During a campaign-style speech in Nashville, Tennessee, Trump railed against a Hawaii federal judge who put his revised travel ban on hold. The new executive order was set to take effect on Thursday.
"The order he blocked was a watered down version of the first order that was also blocked by another judge and should have never been blocked to start with," Trump told the crowd.
Those words were seen as problematic, since the US Justice Department is tasked with defending the president's executive order in court.
Trump's wording is nearly identical to what critics challenging the ban have said, noting that Trump's new executive order did not do enough to address the constitutional concerns of Trump's first action on immigration. One of the most prominent changes in the order removed Iraq from the list of majority-Muslim countries from which travel to the US would be restricted.

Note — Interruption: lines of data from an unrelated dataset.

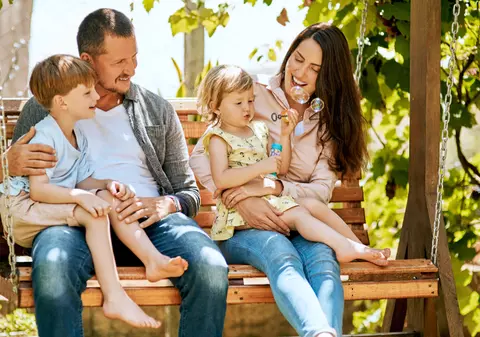 Care sunt zilele libere legale din luna iunie? Unii angajați sunt mai norocoși decât alții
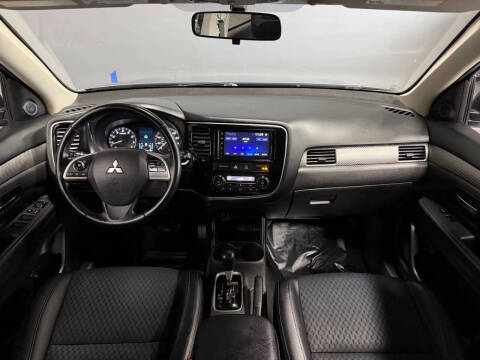 2015 Mitsubishi Outlander SE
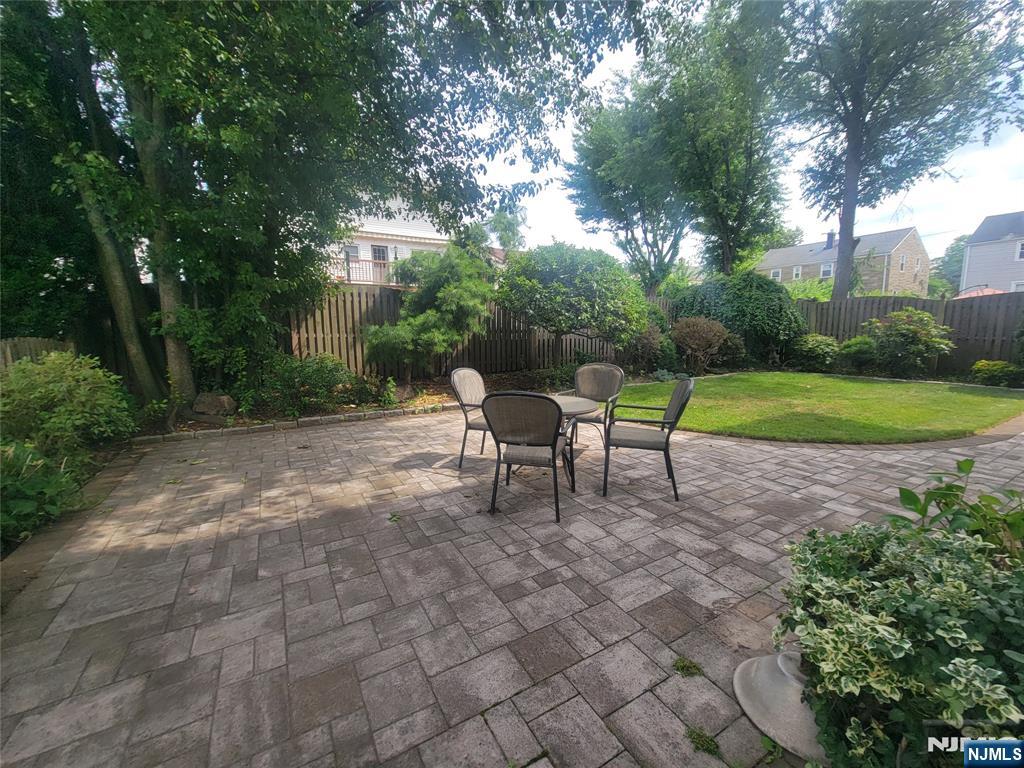property viewer photo 3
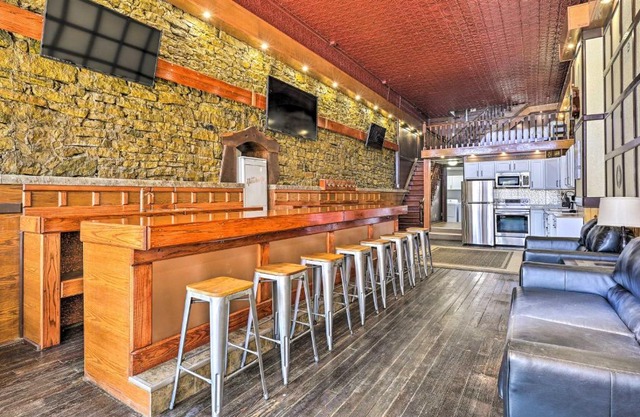Walk to River Unique Studio in Renovated Bar!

Senate Minority Leader Chuck Schumer said of Trump's new executive order last week : "A watered-down ban is still a ban." Schumer added: "Despite the administration’s changes, this dangerous executive order makes us less safe, not more; it is mean-spirited, and un-American. It must be repealed."
"The ruling makes us look weak," Trump said during his Nashville speech.
California's attorney general Xavier Becerra sounded off the revised ban on Monday, saying "The Trump Administration may have changed the text of the now-discredited Muslim travel ban, but they didn't change its unconstitutional intent and effect."
"It's still an attack on people — women and children, professors and business colleagues, seniors and civic leaders — based on their religion and national origin."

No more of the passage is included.